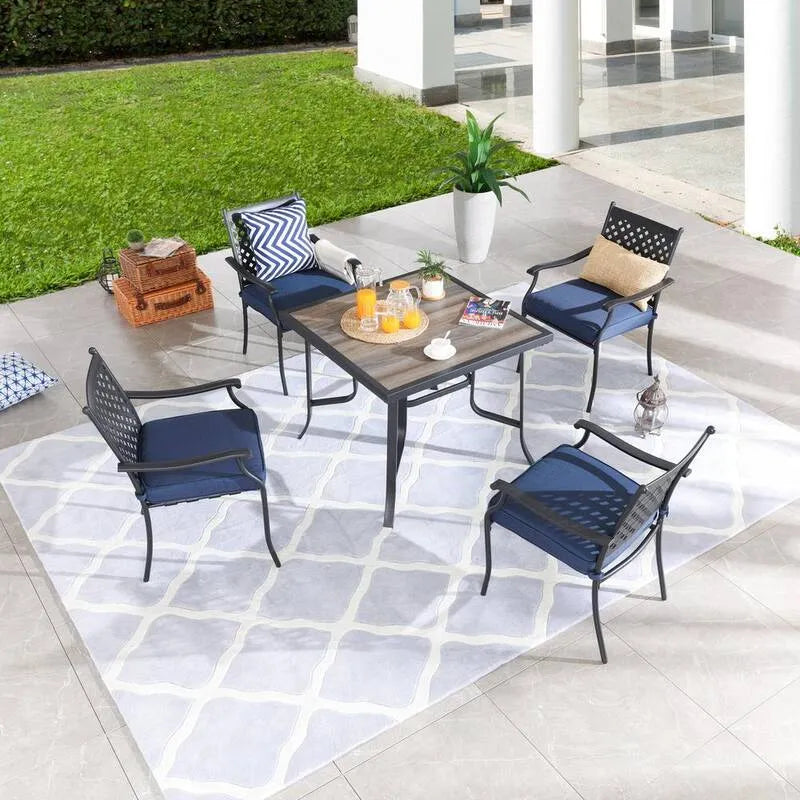 5 pezzi Set da pranzo all'aperto in metallo quadrato di pezzi 5 pezzi, set da pranzo all'aperto in metallo quadrato con cuscini blu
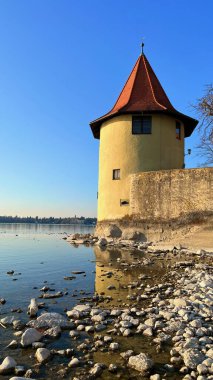 Lindau 'daki Kule Pulverturm Bodensee suyunda yansıyor.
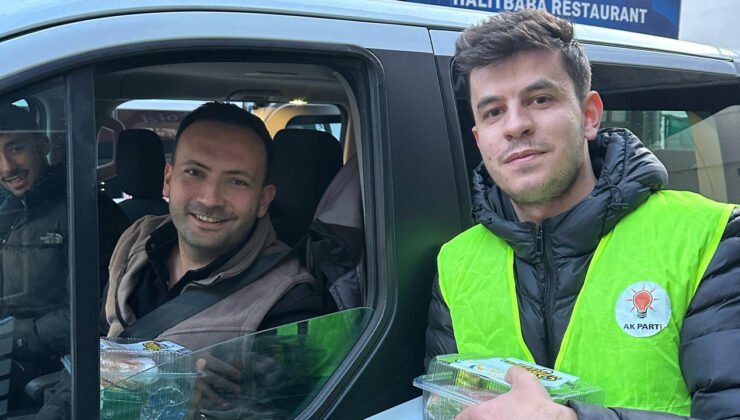 Eskişehir’de Trafikte Kalan Vatandaşlara “İftara 5 Kala” Etkinliği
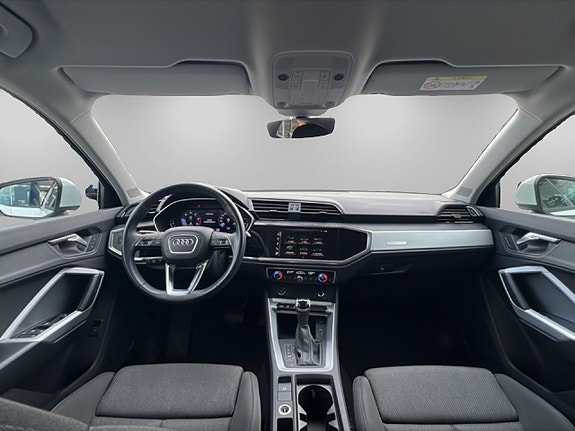 Audi Q3 7 of 16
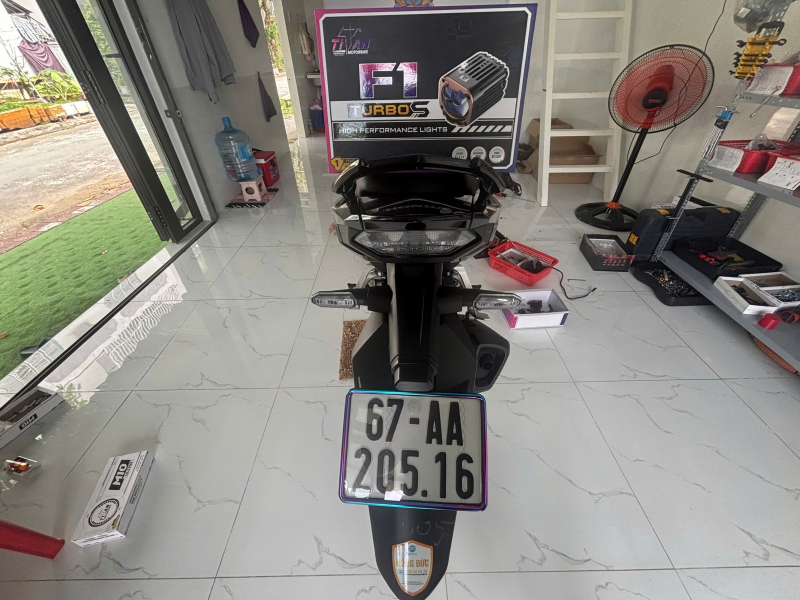 Độ đèn nâng cấp ánh sáng Trợ sáng Titan F1 Turbo S cho xe Winner X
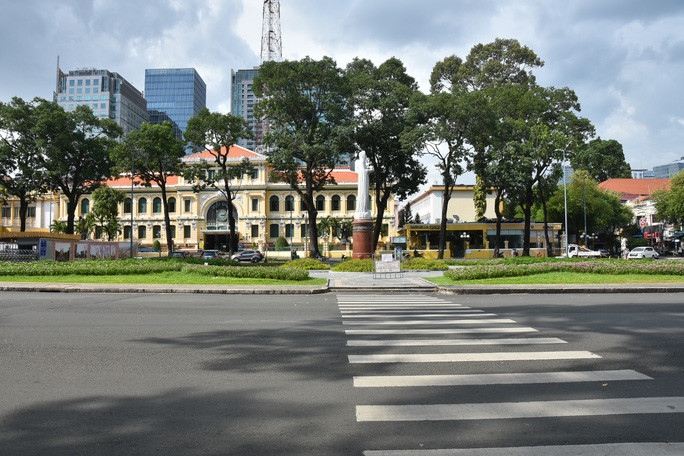 Những địa điểm du lịch ở TP HCM vắng bóng du khách vì đang trong đợt giãn cách xã hội để phòng chống dịch Covid-19 Ảnh: Tấn Thạnh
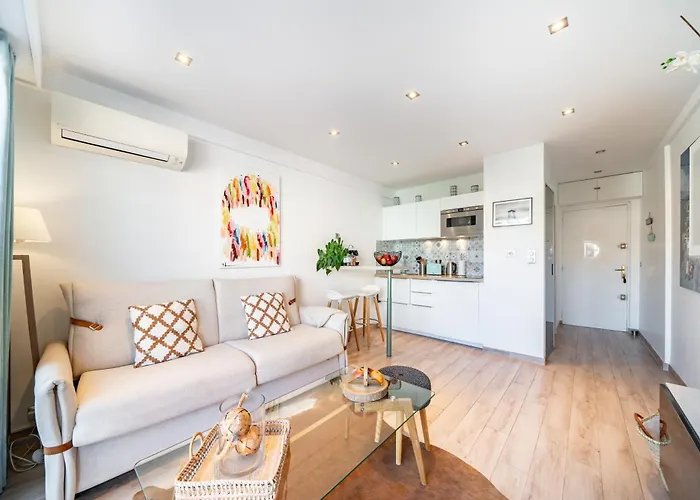 By The Croisette Apartment Cannes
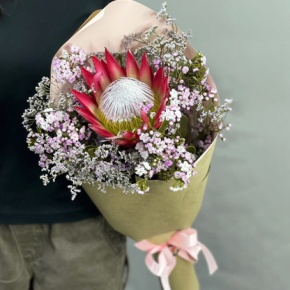 Букет из хамелациума, лимонниума и протеи в Коломне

● ● ● ● ● ● ●

◆ **PROBLEM DETAILS**:
Please copy, exactly and only, the lines of the listing that run from the one holding "Eskişehir’de Trafikte Kalan" through its last line, and exclude pictures.

◆ **ANSWER TO THIS PROBLEM**:
 Eskişehir’de Trafikte Kalan Vatandaşlara “İftara 5 Kala” Etkinliği
 Audi Q3 7 of 16
 Độ đèn nâng cấp ánh sáng Trợ sáng Titan F1 Turbo S cho xe Winner X
 Những địa điểm du lịch ở TP HCM vắng bóng du khách vì đang trong đợt giãn cách xã hội để phòng chống dịch Covid-19 Ảnh: Tấn Thạnh
 By The Croisette Apartment Cannes
 Букет из хамелациума, лимонниума и протеи в Коломне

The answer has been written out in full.